┌─ Input data
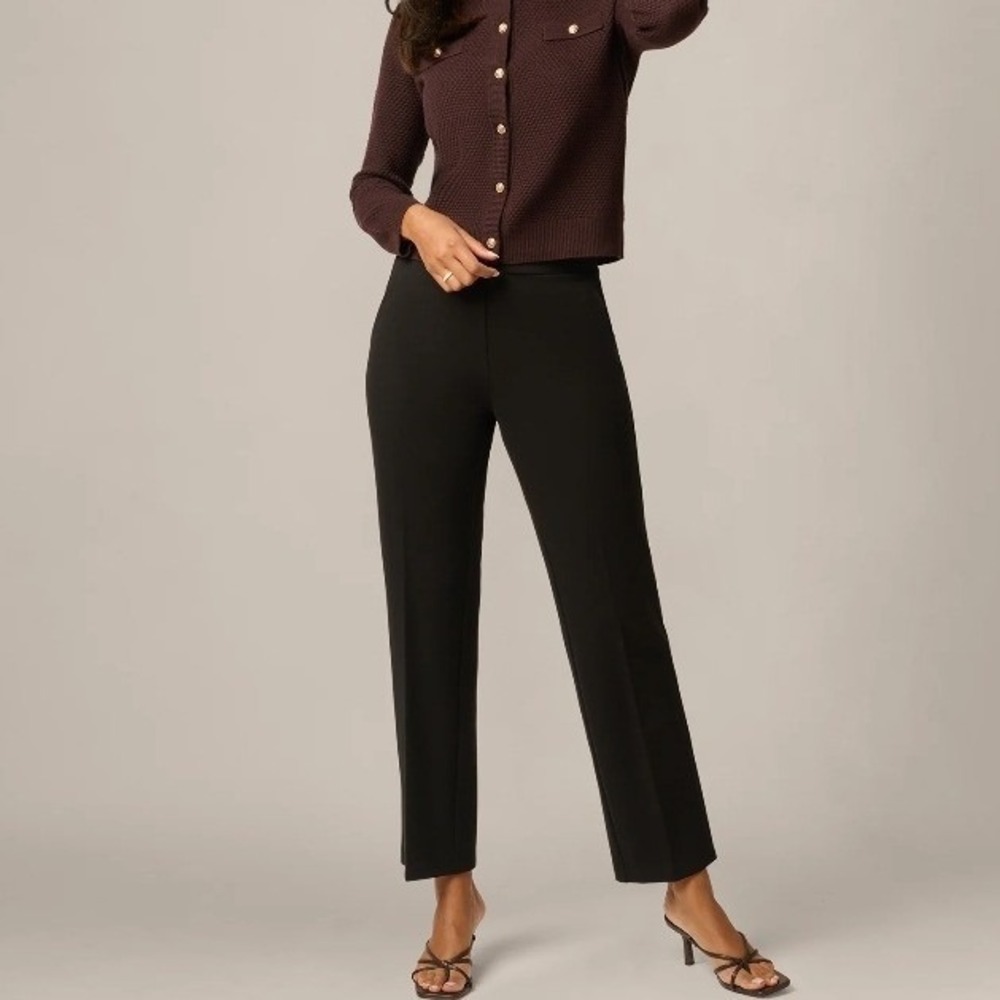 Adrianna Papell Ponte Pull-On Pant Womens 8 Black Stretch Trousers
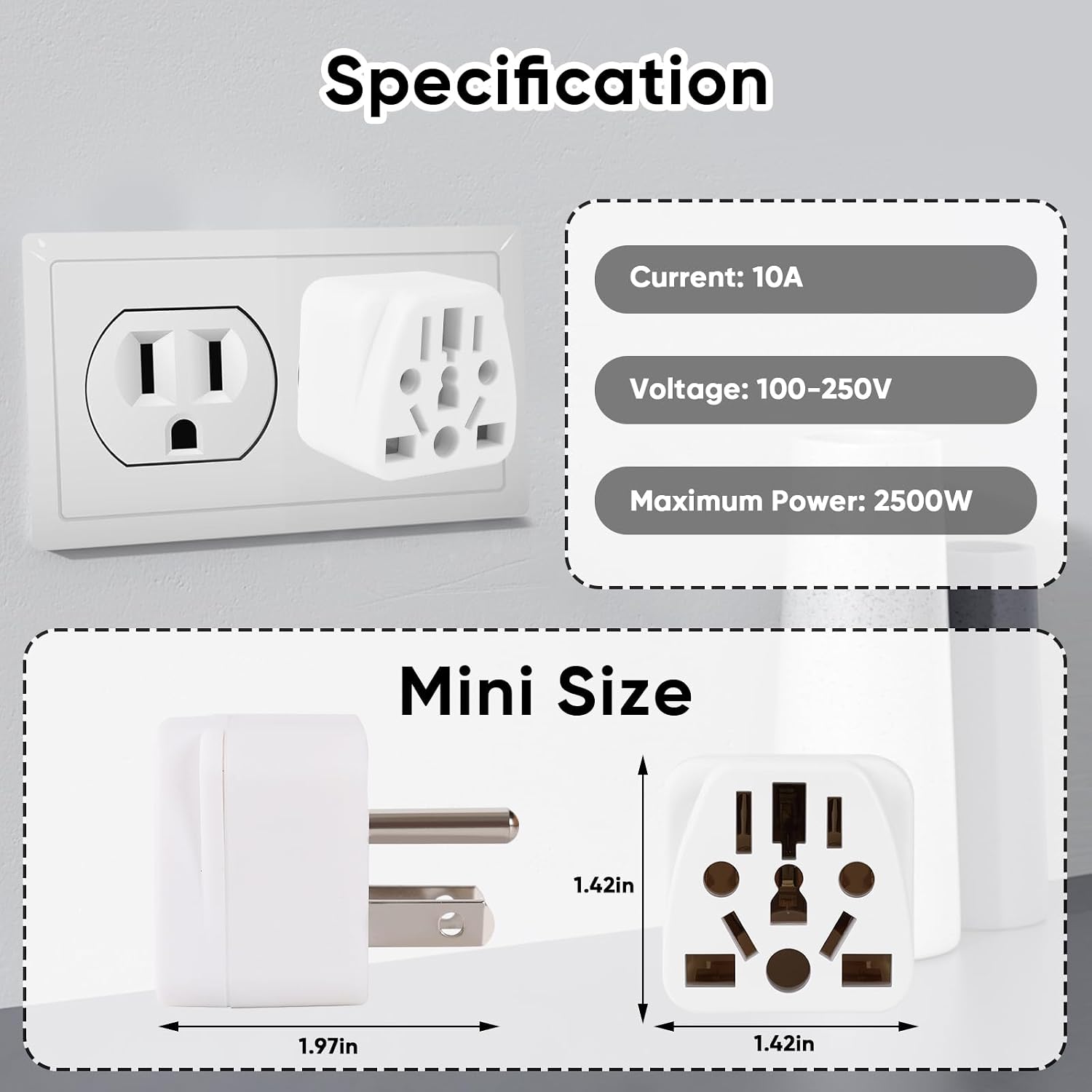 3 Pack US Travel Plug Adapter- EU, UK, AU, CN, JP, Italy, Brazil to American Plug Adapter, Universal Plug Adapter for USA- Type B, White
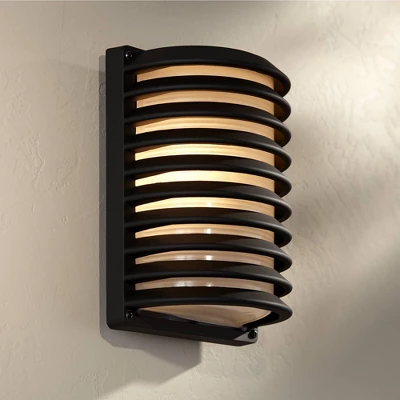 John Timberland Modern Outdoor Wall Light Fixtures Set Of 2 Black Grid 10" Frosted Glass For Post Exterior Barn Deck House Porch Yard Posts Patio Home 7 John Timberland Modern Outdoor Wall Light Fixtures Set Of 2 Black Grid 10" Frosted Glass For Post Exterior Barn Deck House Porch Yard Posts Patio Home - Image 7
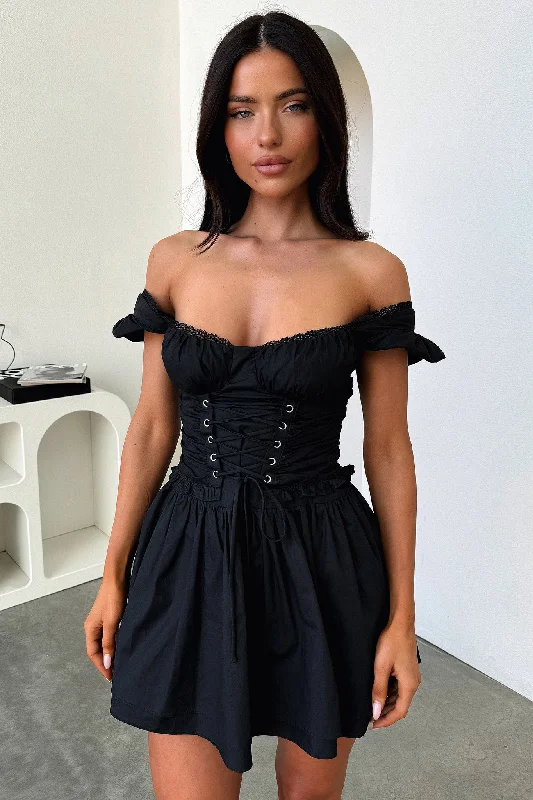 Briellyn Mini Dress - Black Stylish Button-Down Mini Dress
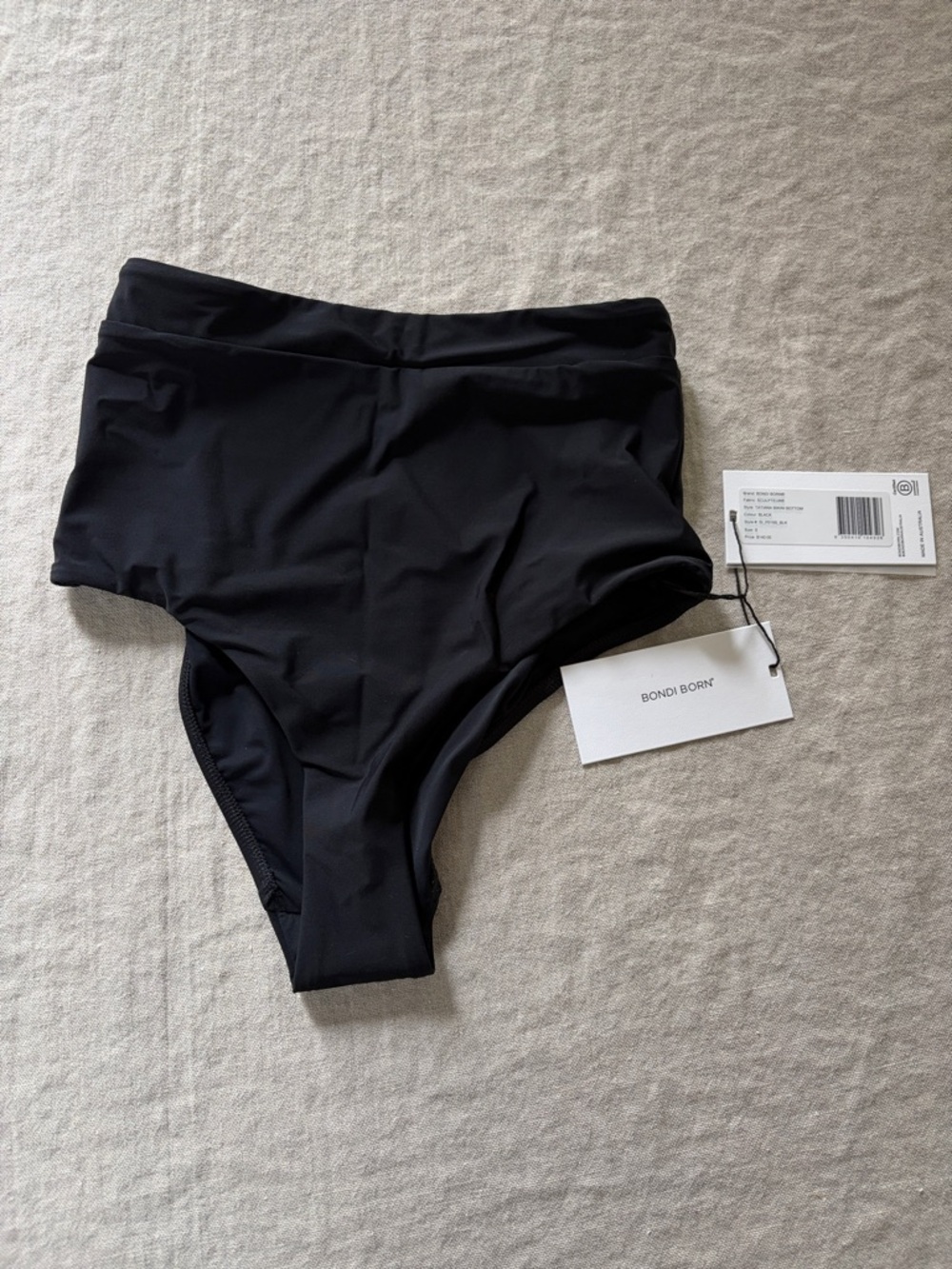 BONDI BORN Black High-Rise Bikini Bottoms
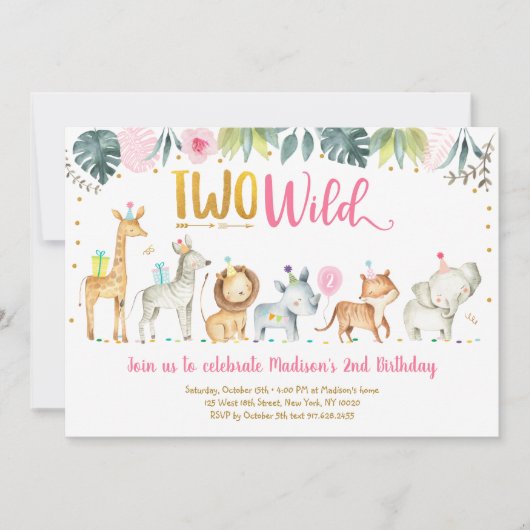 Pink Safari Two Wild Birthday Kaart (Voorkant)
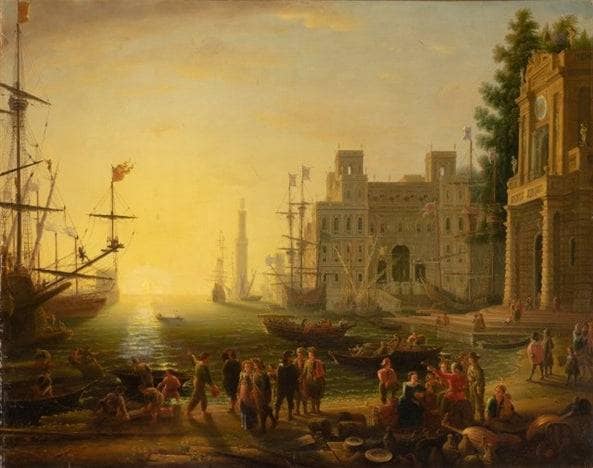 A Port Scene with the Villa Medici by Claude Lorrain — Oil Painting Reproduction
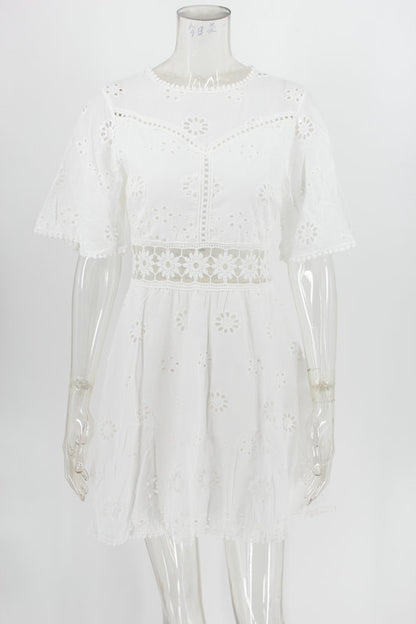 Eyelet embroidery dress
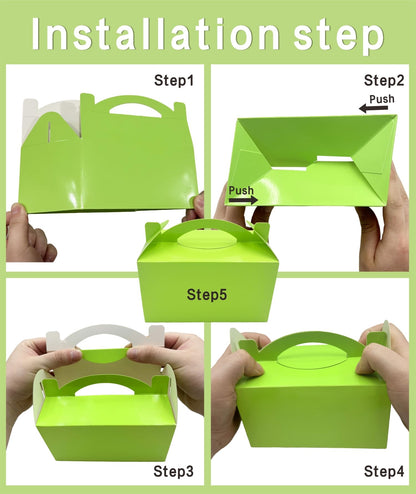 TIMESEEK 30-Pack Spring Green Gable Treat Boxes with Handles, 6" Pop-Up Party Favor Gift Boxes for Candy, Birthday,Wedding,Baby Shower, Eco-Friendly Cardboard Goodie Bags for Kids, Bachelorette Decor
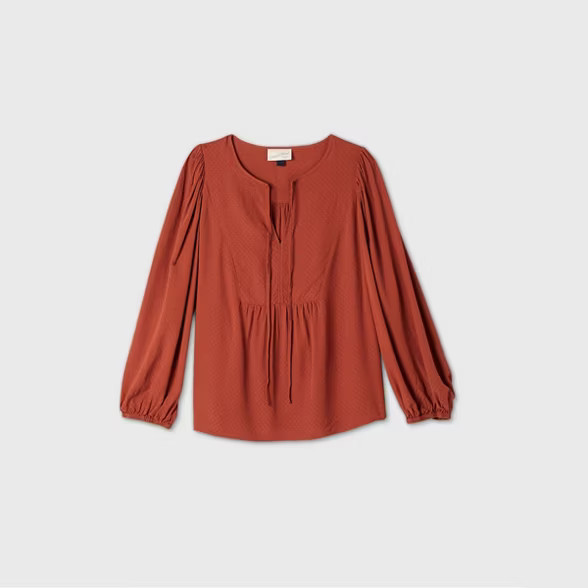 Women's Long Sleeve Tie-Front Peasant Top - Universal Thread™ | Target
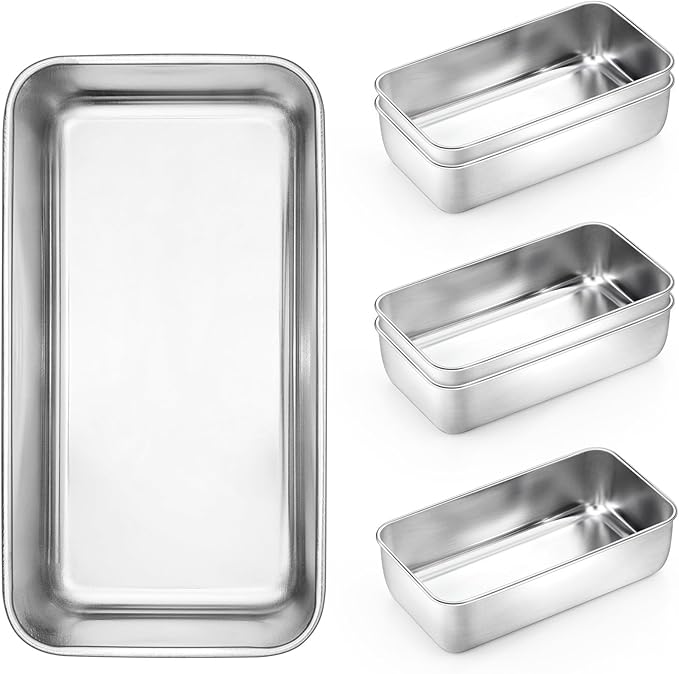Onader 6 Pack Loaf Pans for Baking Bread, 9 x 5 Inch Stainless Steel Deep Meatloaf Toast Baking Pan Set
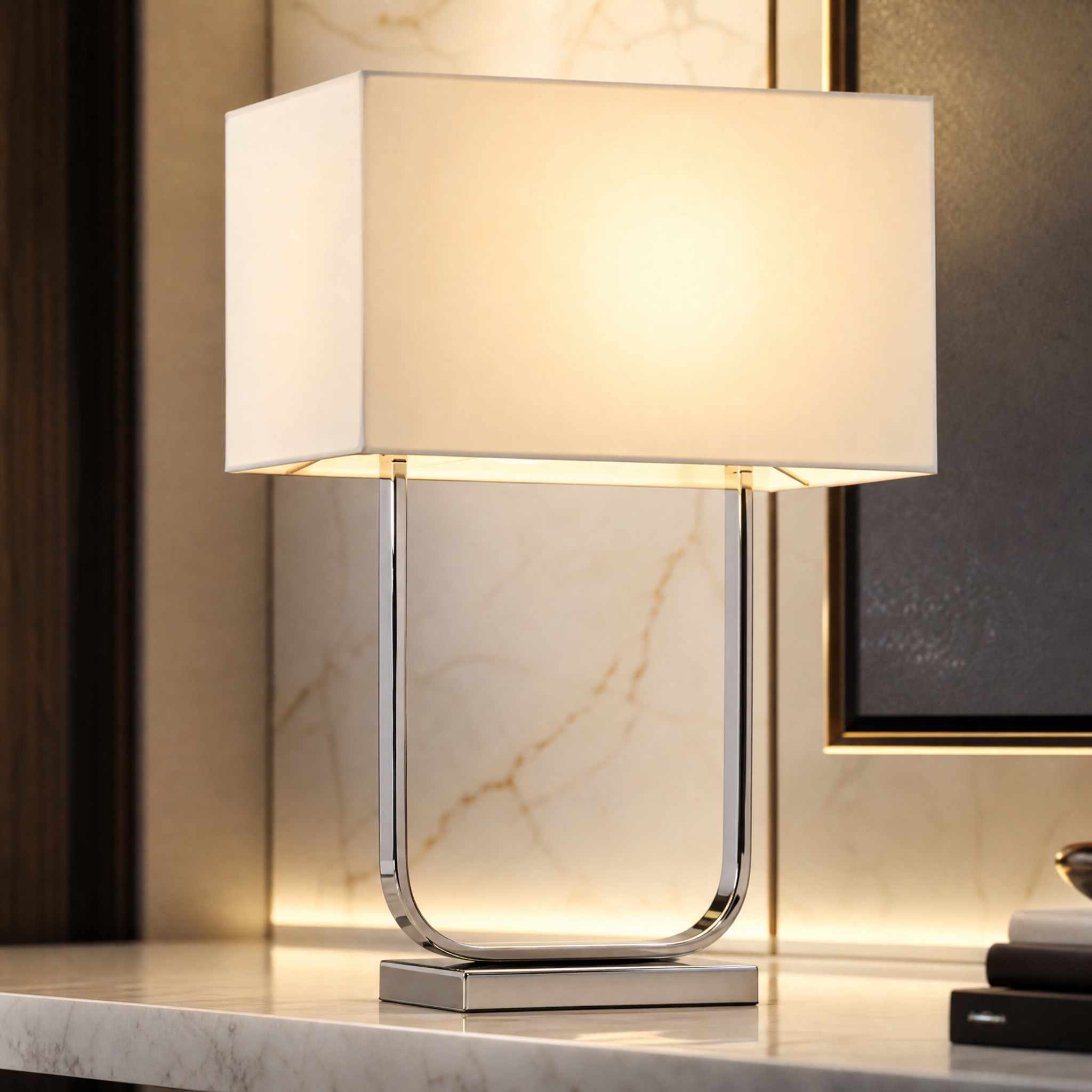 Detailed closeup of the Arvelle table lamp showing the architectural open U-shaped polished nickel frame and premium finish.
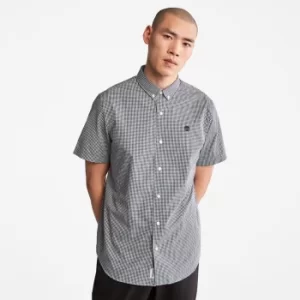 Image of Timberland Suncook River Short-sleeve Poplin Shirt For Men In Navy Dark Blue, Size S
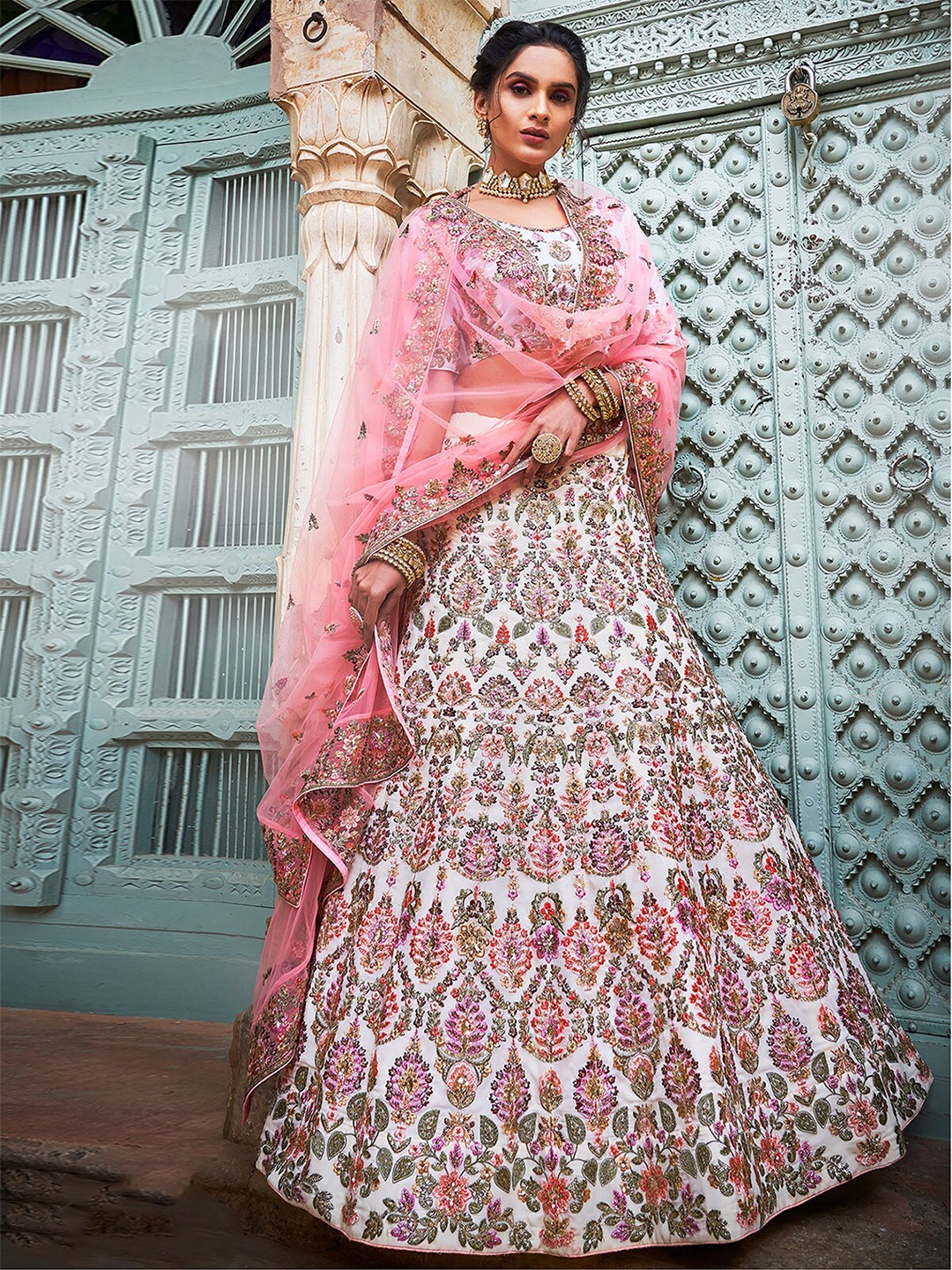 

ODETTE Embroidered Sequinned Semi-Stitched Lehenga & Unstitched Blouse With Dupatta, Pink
└─
Assigned task: Transcribe each entry above character for character, omitting pictures.

Output of the exercise:
 Adrianna Papell Ponte Pull-On Pant Womens 8 Black Stretch Trousers
 3 Pack US Travel Plug Adapter- EU, UK, AU, CN, JP, Italy, Brazil to American Plug Adapter, Universal Plug Adapter for USA- Type B, White
 John Timberland Modern Outdoor Wall Light Fixtures Set Of 2 Black Grid 10" Frosted Glass For Post Exterior Barn Deck House Porch Yard Posts Patio Home 7 John Timberland Modern Outdoor Wall Light Fixtures Set Of 2 Black Grid 10" Frosted Glass For Post Exterior Barn Deck House Porch Yard Posts Patio Home - Image 7
 Briellyn Mini Dress - Black Stylish Button-Down Mini Dress
 BONDI BORN Black High-Rise Bikini Bottoms
 Pink Safari Two Wild Birthday Kaart (Voorkant)
 A Port Scene with the Villa Medici by Claude Lorrain — Oil Painting Reproduction
 Eyelet embroidery dress
 TIMESEEK 30-Pack Spring Green Gable Treat Boxes with Handles, 6" Pop-Up Party Favor Gift Boxes for Candy, Birthday,Wedding,Baby Shower, Eco-Friendly Cardboard Goodie Bags for Kids, Bachelorette Decor
 Women's Long Sleeve Tie-Front Peasant Top - Universal Thread™ | Target
Onader 6 Pack Loaf Pans for Baking Bread, 9 x 5 Inch Stainless Steel Deep Meatloaf Toast Baking Pan Set
 Detailed closeup of the Arvelle table lamp showing the architectural open U-shaped polished nickel frame and premium finish.
 Image of Timberland Suncook River Short-sleeve Poplin Shirt For Men In Navy Dark Blue, Size S

ODETTE Embroidered Sequinned Semi-Stitched Lehenga & Unstitched Blouse With Dupatta, Pink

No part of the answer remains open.